Dalle decisioni in rassegna, emerge che, ove il danneggiato sia riuscito, in ossequio al precetto di cui al primo comma dell’art. 2697, C.c., a dimostrare l’esistenza del danno, ma non il suo preciso ammontare, la sua liquidazione potrà esser operata dal giudice, anche d’ufficio, sicché in assenza d’una esplicita domanda dell’attore, ai sensi dell’art. 1226, C.c., per via del rinvio operato dall’art. 2056, comma uno, C.c., a quest’ultima norma. (Cfr. Cass. civ., Sent. n. 5840 del 23 maggio del 1991, cit.; Corte App. Lecce, Sent. n. 484 del 30 maggio 2023, cit.).

Emerge, inoltre, che l’entità del risarcimento del danno può esser diminuita facendo applicazione del principio posto dal primo comma dell’art. 1227, C.c., in forza del quale se il fatto colposo del creditore ha contribuito a determinare il danno, quest’ultimo deve esser diminuito in ragione della gravità della colpa e dell’entità delle conseguenze che ne sono derivate. (Cfr. Corte App. Lecce, Sent. n. 484 del 30 maggio 2023, cit.).

Nel precedente da ultimo in esame, la corte ha ritenuto che integrasse il concorso del fatto colposo del creditore la condotta dei proprietari dell’immobile, sito nell’edificio condominiale, per aver questi ultimi lasciato, incautamente, nella propria abitazione, i propri preziosi, contribuendo, per tal via, così, alla realizzazione del fatto dannoso.

Al termine di questa breve dissertazione, possiam giungere alle seguenti conclusioni.

È pacifico che l’impresa appaltatrice, incaricata dal condominio d’eseguite i lavori di manutenzione del fabbricato, possa rispondere, ai sensi dell’art. 2043, C.c., dei danni subiti dai condomini proprietari degli appartamenti, a seguito del furto commesso dai terzi agevolati dall’utilizzo dei ponteggi incustoditi e non presidiati da adeguate misure di protezione, ove non abbia adottato le cautele opportune per garantire al sicurezza del cantiere.

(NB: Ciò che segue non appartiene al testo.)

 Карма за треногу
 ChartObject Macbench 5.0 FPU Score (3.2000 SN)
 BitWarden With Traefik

Oltre all’impresa, anche il condominio potrebbe esser chiamato a concorrere a risarcire il danno subito dai predetti proprietari, laddove sia stato negligente in ordine all’obbligo di custodia su di esso gravante ai sensi dell’art. 2051, C.c.

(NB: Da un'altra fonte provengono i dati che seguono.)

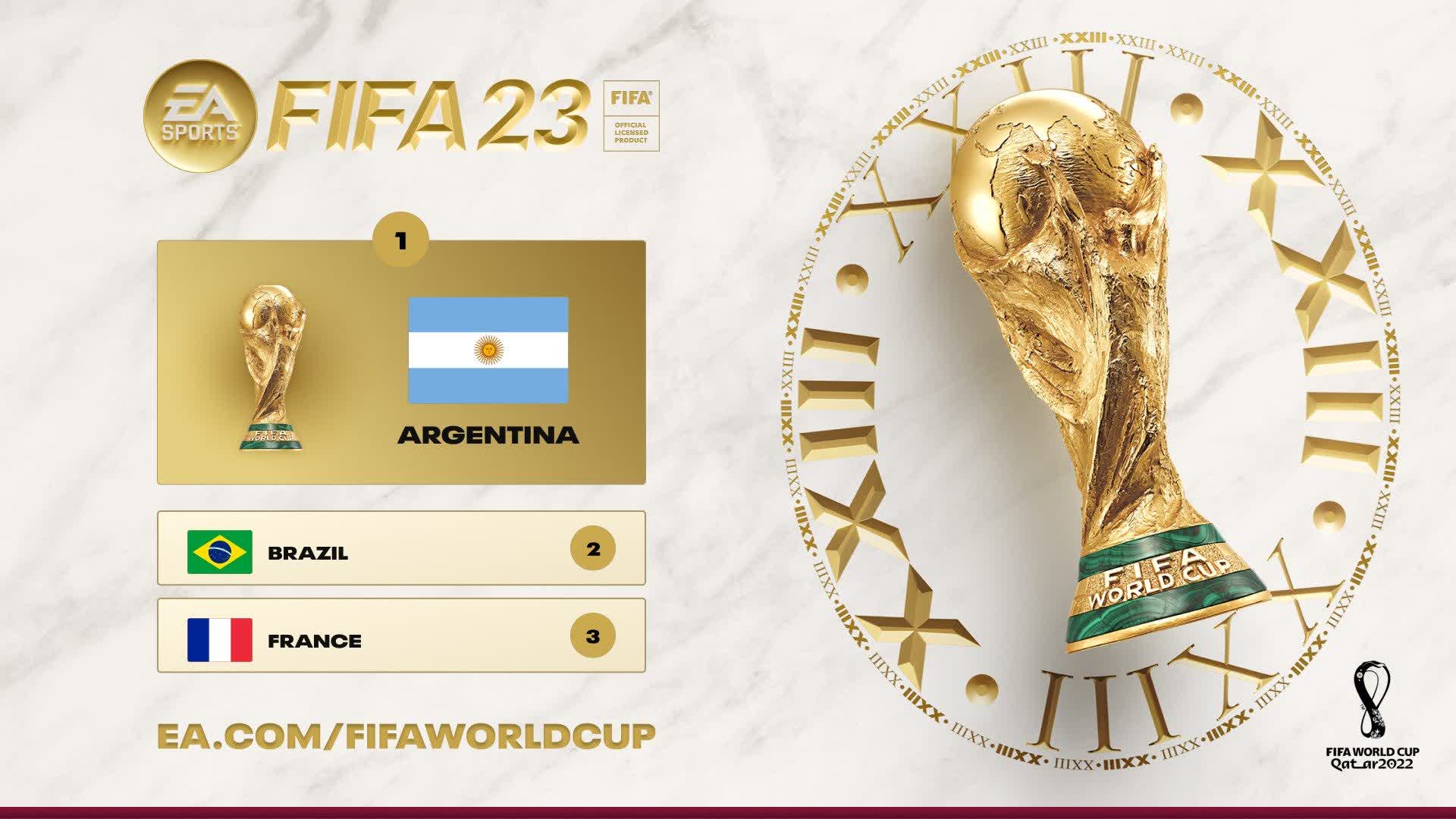 FIFA 23 tente de prédire correctement le vainqueur de la Coupe du monde pour la quatrième fois consécutive 2 FIFA 23 tente de predire correctement le vainqueur de la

Con la conseguenza che, in merito all’obbligo di risarcire il danno nei confronti dei proprietari danneggiati, stanti i diversi titoli di responsabilità evocati, troverà applicazione il disposto posto dal primo comma dell’art. 2055, C.c., in forza del quale del danno prodotto rispondono, in via solidale, ciascuno per l’intero, salvo il diritto di regresso di colui che abbia pagato per l’intero nei confronti dell’altro solidale, entrambi gli autori.

Aggiungasi, altresì, che la posta risarcitoria può esser diminuita allorché, nella causazione del danno, concorra il fatto colposo del danneggiato, facendo, indi, applicazione, nell’ambito di quello che vien definita la perimetrazione dell’area del danno risarcibile, del principio stabilito dal primo comma dell’art. 1227, C.c., a mente del quale il danno deve esser ridotto in ragione della gravità della colpa del creditore e delle entità delle conseguenze che ne son derivate.